I seriously wish that I could go back a few weeks and prevent myself from making this stupid mistake. I feel so ridden with guilt and shame. My girlfriend trusts me, and I feel like that trust has been betrayed. When I talk to her, I just don't get as excited as I used to. I don't want to get too excited about seeing her again as I may not be able to if my fears come to fruition. I spend countless hours throughout the day and night trying to find the stories of other people who are in my situation and try to extract some glimmer of hope that I can have the same good outcomes as they do. There are times when I believe this can happen, there are other times when I feel totally incapacitated by fear. I try to keep my mind occupied by other things, but they only remind me of times before the incident, and then I have a great deal of fear. I try to ask God for his guidance and protection. I realize that God is by no means under any obligation to grant me anything. I find myself only asking him to give me a burden that I can bear. For now, I feel like this is an incredible burden to bear. For better or for worse, what happens is what happens.

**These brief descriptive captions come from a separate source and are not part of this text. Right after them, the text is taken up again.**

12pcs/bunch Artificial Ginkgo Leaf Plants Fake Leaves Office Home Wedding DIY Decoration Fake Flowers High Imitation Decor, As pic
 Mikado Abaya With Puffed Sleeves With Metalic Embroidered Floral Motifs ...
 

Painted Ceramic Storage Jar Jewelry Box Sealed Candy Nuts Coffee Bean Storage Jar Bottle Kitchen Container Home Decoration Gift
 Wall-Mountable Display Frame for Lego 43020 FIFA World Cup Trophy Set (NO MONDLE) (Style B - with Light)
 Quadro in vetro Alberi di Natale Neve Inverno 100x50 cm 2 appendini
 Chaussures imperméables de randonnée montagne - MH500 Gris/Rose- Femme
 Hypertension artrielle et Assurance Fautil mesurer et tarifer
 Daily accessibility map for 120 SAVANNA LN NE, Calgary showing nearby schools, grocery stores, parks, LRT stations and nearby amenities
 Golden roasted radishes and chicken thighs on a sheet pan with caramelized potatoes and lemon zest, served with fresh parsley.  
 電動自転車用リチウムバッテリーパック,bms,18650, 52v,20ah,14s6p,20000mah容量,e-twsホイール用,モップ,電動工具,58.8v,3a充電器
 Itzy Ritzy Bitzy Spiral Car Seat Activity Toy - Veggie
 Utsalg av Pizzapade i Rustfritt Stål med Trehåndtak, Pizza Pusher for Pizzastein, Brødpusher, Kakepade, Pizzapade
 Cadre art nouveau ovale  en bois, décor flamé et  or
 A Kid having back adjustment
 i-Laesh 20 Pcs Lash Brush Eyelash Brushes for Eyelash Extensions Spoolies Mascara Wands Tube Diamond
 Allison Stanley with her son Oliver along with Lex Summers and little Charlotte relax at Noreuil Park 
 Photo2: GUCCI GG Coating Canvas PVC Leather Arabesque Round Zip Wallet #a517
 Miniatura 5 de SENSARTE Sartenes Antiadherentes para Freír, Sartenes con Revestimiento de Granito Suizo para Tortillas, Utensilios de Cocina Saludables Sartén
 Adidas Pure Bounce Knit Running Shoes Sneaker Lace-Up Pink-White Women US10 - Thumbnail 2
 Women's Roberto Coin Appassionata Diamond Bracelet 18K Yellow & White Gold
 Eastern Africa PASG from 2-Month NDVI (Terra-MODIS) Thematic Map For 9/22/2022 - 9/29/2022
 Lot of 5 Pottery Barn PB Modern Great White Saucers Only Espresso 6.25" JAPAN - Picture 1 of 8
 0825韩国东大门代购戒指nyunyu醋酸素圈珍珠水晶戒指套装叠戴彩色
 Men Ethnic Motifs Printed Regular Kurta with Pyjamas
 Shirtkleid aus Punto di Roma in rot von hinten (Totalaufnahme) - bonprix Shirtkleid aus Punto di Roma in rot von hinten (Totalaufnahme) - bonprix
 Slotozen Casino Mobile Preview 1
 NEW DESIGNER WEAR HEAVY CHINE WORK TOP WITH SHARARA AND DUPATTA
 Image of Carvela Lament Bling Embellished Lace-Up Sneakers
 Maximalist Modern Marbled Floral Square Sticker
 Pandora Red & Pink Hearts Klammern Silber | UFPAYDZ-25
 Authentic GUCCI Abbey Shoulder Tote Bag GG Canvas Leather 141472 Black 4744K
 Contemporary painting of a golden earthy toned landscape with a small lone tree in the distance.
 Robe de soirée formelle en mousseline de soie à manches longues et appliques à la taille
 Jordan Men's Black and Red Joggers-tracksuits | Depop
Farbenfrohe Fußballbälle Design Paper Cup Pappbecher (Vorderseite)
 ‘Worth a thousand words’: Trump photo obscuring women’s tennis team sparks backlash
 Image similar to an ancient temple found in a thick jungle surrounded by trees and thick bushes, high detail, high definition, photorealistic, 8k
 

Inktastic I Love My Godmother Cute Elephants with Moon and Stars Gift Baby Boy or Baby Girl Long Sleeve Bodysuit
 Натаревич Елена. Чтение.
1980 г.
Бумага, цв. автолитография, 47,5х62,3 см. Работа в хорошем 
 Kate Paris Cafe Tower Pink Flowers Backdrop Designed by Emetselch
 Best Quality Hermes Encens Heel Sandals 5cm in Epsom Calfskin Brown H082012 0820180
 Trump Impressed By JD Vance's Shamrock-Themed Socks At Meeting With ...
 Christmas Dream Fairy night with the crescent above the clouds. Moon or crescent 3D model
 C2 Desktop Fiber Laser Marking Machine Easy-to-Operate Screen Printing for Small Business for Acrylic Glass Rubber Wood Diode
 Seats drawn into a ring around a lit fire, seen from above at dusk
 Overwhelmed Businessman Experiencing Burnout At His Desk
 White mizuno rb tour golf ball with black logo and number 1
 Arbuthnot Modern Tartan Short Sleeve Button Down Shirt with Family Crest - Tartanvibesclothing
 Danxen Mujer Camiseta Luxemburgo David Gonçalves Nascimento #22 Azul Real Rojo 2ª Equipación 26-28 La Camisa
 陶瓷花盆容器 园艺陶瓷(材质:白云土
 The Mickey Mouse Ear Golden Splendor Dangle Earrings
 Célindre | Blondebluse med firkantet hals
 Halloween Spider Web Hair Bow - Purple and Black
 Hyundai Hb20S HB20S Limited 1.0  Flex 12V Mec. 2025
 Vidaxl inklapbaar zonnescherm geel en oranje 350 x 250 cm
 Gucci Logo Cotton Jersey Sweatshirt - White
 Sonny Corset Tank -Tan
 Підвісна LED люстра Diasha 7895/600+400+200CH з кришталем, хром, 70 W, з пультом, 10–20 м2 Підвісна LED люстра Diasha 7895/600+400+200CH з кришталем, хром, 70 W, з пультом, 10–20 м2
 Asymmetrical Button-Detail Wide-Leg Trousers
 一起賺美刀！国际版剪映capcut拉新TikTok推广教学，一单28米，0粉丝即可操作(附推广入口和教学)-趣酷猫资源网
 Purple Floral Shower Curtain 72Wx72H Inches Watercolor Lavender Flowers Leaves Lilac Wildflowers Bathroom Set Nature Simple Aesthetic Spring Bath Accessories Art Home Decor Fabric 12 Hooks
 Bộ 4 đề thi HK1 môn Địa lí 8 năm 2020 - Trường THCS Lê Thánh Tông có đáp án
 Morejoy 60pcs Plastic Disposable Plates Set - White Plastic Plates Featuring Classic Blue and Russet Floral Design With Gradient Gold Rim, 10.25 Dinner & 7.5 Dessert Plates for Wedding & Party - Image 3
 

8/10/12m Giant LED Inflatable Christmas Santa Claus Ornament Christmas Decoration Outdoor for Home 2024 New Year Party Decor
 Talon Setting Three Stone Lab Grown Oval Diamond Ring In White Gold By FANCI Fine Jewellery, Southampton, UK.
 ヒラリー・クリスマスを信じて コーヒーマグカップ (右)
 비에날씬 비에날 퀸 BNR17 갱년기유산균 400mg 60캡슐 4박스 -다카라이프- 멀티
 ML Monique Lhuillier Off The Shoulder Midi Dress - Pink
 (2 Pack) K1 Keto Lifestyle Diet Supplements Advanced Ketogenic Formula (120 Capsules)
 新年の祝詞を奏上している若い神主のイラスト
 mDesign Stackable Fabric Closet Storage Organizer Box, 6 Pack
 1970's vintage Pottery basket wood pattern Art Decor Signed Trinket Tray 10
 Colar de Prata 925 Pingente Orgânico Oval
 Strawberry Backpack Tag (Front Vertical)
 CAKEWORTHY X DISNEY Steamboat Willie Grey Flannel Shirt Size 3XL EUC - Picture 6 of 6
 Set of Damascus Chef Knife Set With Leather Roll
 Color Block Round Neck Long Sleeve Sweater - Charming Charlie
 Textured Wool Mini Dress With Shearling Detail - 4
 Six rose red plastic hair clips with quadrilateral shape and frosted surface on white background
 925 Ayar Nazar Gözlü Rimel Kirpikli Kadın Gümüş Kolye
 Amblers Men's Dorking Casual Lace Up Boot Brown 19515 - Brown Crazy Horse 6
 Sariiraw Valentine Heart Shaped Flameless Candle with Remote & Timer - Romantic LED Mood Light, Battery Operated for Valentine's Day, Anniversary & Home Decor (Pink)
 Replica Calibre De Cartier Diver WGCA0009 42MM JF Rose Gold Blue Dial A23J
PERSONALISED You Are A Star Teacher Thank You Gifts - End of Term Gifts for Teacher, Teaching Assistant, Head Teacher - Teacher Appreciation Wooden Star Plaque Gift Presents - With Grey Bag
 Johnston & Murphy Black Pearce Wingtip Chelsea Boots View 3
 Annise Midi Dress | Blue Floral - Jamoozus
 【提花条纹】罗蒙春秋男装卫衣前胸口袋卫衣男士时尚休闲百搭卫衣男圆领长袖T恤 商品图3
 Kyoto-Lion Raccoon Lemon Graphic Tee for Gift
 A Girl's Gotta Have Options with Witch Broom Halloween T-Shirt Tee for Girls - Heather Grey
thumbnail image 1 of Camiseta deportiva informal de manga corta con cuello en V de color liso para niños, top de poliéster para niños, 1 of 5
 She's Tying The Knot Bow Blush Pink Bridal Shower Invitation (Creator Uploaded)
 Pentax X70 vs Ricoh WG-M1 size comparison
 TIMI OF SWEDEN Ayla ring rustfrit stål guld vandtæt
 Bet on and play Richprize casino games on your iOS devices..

I do realize that a lot of what I have said is a great deal of repitition from my last posting, but I need to get it off my chest. The feelings of going through this alone are more than I can bear at this moment.
I just hope that my 25 day test comes back negative too; and with that, I'll be able to put this horrible ordeal behind me and step forward with a fresh footing and a new and better understanding of faith in God. I honestly appreciate all the support that everyone gives on this message board and I now have a new understanding of what real fear is in terms of medical problems.

May God Bless everyone,

Worried Well

P.S I've searched all over, but I cannot seem to find any cases of HIV being transmitted via breast secretions/milk coming into contact with a male penis, does anybody know of any cases?